The vaccine, based on a genetically modified cold virus, was developed in the lab of Zhou Xing, professor of pathology and molecular medicine and the McMaster Immunology Research Centre, who co-led the phase one study. Both are also members of the Michael G. DeGroote Institute for Infectious Disease Research.
"Tuberculosis is a serious public health threat," Smaill said. "One-third of world's population is infected with the organism that causes tuberculosis, and it remains the top infectious killer of people only secondary to HIV; yet, the current vaccine used to prevent it is ineffective."
The control of tuberculosis (TB) has met with further challenge from high incidence of multi-drug resistant tuberculosis, she added.
The new vaccine was developed to act as a booster to Bacille Calmette Guerin (BCG), currently the only TB vaccine available. BCG was developed in the 1920s and has been used worldwide. The new "booster" would reactivate immune elements that over time diminish following BCG vaccination.
Currently the BCG vaccine is part of the World Health Organization's immunization program in Asia, Africa, Eastern Europe and South America, as well as Nunavut, the only Canadian jurisdiction where the BCG vaccine is routinely given because of the high rate of tuberculosis in the territory. It is typically given in the first year of life.

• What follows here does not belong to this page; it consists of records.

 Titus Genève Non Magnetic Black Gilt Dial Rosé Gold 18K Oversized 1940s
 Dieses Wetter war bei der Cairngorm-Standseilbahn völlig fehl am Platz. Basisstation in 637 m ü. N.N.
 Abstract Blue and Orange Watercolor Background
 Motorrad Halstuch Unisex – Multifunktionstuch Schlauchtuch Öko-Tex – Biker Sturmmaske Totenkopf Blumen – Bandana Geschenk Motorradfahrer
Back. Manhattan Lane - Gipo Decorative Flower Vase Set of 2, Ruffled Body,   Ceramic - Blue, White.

The McMaster vaccine has been more than a decade in the making. McMaster researchers began the first human clinical trial in 2009 with 24 healthy human volunteers, including 12 who were previously BCG-immunized.
"The primary goal was to look at the safety of a single dose vaccine injection," said Xing, "as well as its potency to engage the immune system."

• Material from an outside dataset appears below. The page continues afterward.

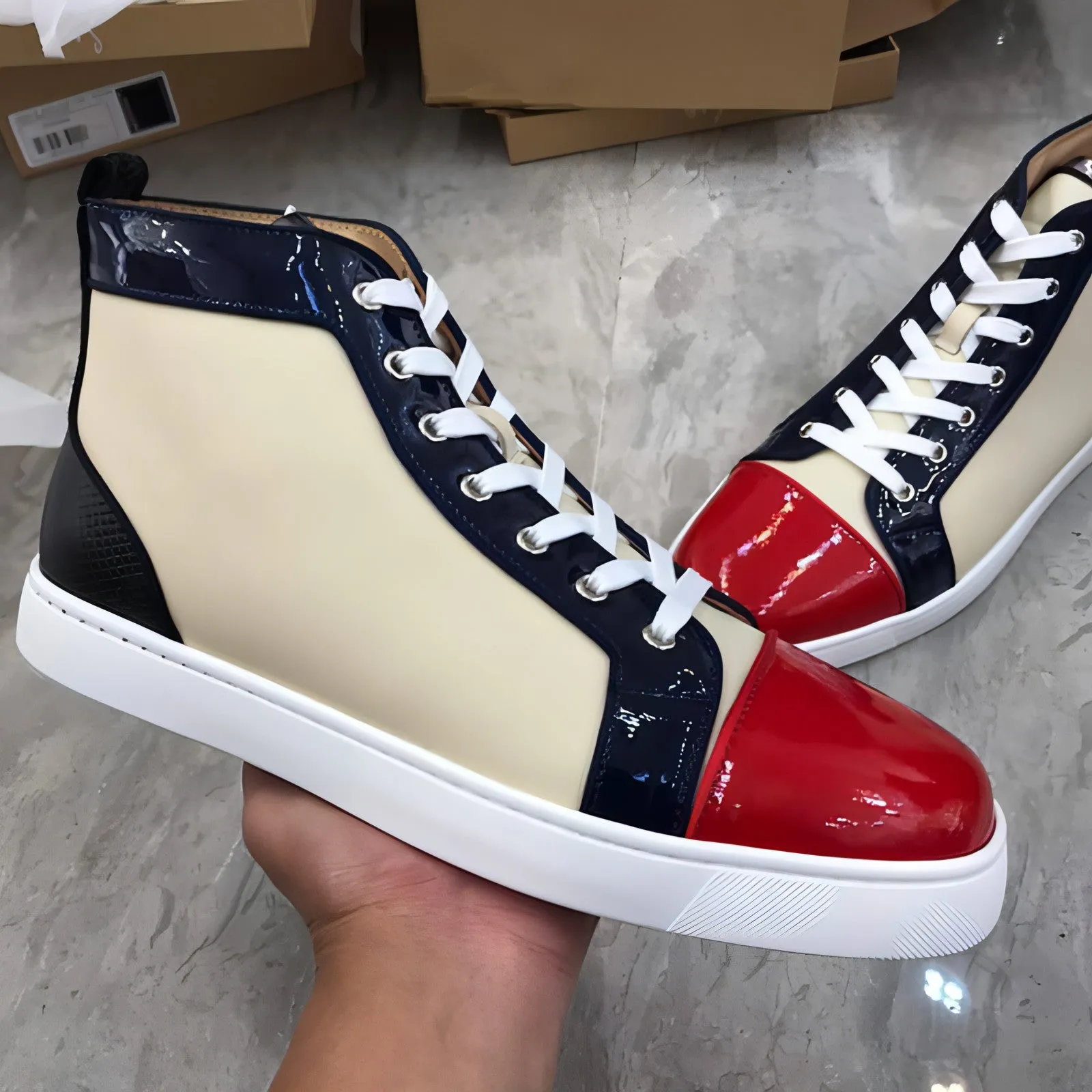 Men's High Top Casual Board Shoes Crocodile Pattern Sports Leather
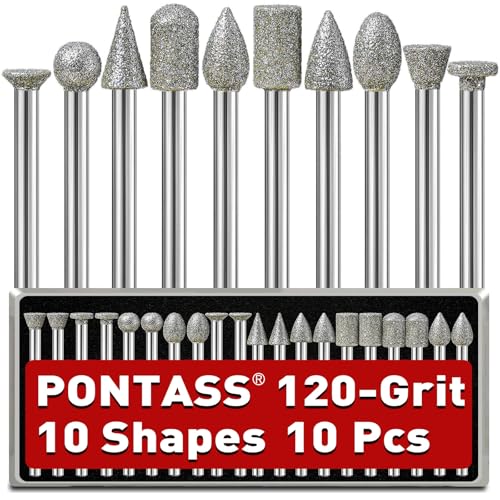120 Grit Diamond Grinding Bits,20 Pcs Stone Carving Drill Bits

By 2012 they established that the vaccine was safe and observed a robust immune response in most trial participants. More clinical trials are needed to measure the vaccine's real potential, Xing added.
Smaill added: "As a doctor who looks after patients who have tuberculosis, including those who are HIV infected, I realize how important it is going to be to control this infection with a good vaccine.
"We are probably one of a few groups in the world who are actually doing bench-to-human tuberculosis vaccine work, and we are excited to be part of this and thrilled that it started at McMaster."